2. Complex Message Support

A sequence of send operations can be combined into a single one, if no intermediate reply is required. In their system, one message may contain a direct string (mandatory), indirect strings (optional), and memory objects (optional).

3. Direct Transfer by Temporary Mapping

Problem: Most existing microkernels transfer messages between address spaces by a twofold copy: user A space -> kernel space -> user B space. Directly sharing user level memory of A and B introduces security problems.
Solution: Temporary mapping: the kernel determines the target region of the destination address space, maps it temporarily into a communication window in the source address space, and then copies the message directly from the sender’s user space into its communication window. The communication window is only kernel accessible.
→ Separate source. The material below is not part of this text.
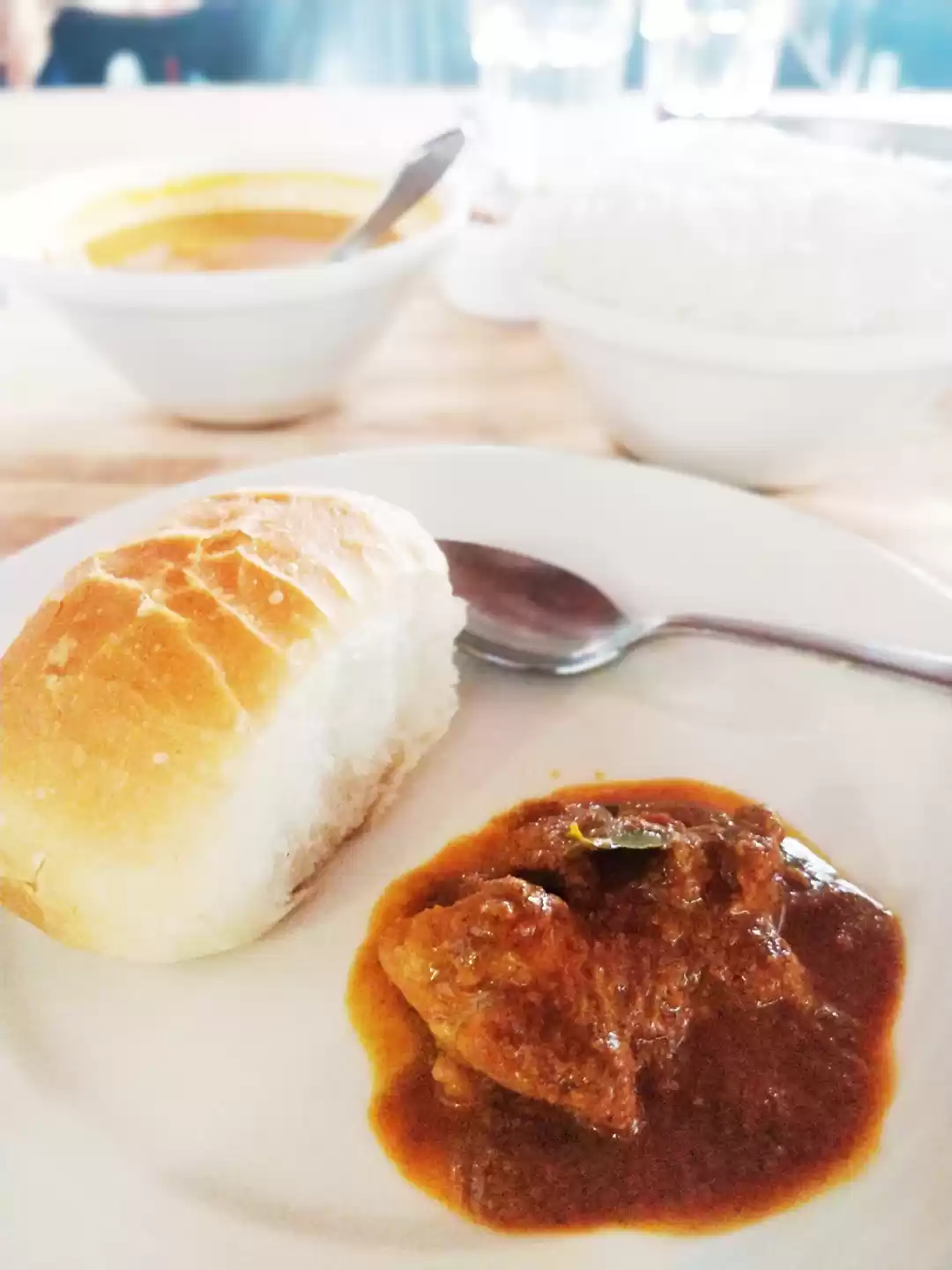 Photo of Must Visit Eatery In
4. Strict Process Orientation

Threads that are temporarily running in kernel mode are handled in the same way as when running in user mode. One kernel stack per thread is allocated.

5. TCBs in Virtual Array

All TCBs are held in a large virtual array located in the shared part of all address spaces. => permits fast TCB access by offset addressing; saves TLB misses; locking a thread can be easily done by unmapping its TCB; helps to make threads persistent; memory management becomes transparent to IPC.

Algorithmic Level

1. Thread Identifier

Problem: A TCB address can easily be calculated from the thread number. In user mode, however, a thread is always addressed by its unique identifier (UID). => Need quick calculation of thread identifier.
Solution: The UID contains the thread number in its lower 32 bits in such a way that only anding it with a bit mask and adding the TCB array’s base address is necessary.

2. Handling Virtual Queues

Problem: The kernel handles a variety of thread queues, need to avoid page faults when parsing the queues.
Solution: Use doubly linked lists, where the links are held in the TCBs. Unmapping a TCB includes removal from all these queues.

3. Timeouts And Wakeups

Problem: Timeouts can be specified in each IPC operation. Far more ipc operations succeed than fail due to timeout, insertion into and deletion from the wakeup queue must be very fast. A large array indexed by thread number leads to a long parsing time.
Solution: Use a set of n wakeup lists. A thread with wakeup time r is linked into the list r mod n. If a total of k threads are contained in the wakeup lists, the scheduler will have to inspect k/n entries per clock interrupt, on average.

4. Lazy Scheduling

Problem: using call and reply & receive next requires some scheduling actions and thus many queue operations.
Solution: just avoid queue manipulation and change only the thread state variable in the TCB.
- Ready queue contains at least all ready threads
- Wait queue contains at least all waiting threads
- Whenever a queue is parsed the scheduler removes all threads that no longer belong in it (“lazy”).
- Only add thread to ready queue on send, end of timeslice and hardware interrupt (the only cases where thread loses processor control and still remains ready).

5. Direct Process Switch

For IPCs, transfer control directly to called thread: donates timeslice.
However, when B sends a reply to A and another thread C is waiting to send a message to B (polling B), C’s IPC to B is immediately initiated before continuing A: for fairness.

6. Short Messages via Registers

Usually, a high proportion of messages are very short. Transferring short messages via registers seems profitable.
But hardware dependent.

Interface Level

Avoid unnecessary copies.
Use registers for IPC parameter passing whenever possible.

Coding Level (Kernel)

Keep the frequently used kernel code small.
Use the cache intelligently.
Using hardware-specific features when possible.
Avoid loading segment registers.
Avoid jumps and checks.

Remarks

A collection of engineering tricks.
Systematic approach: start from theoretical bound, cover all levels.
Not mentioned how is the performance compared with Unix kernels.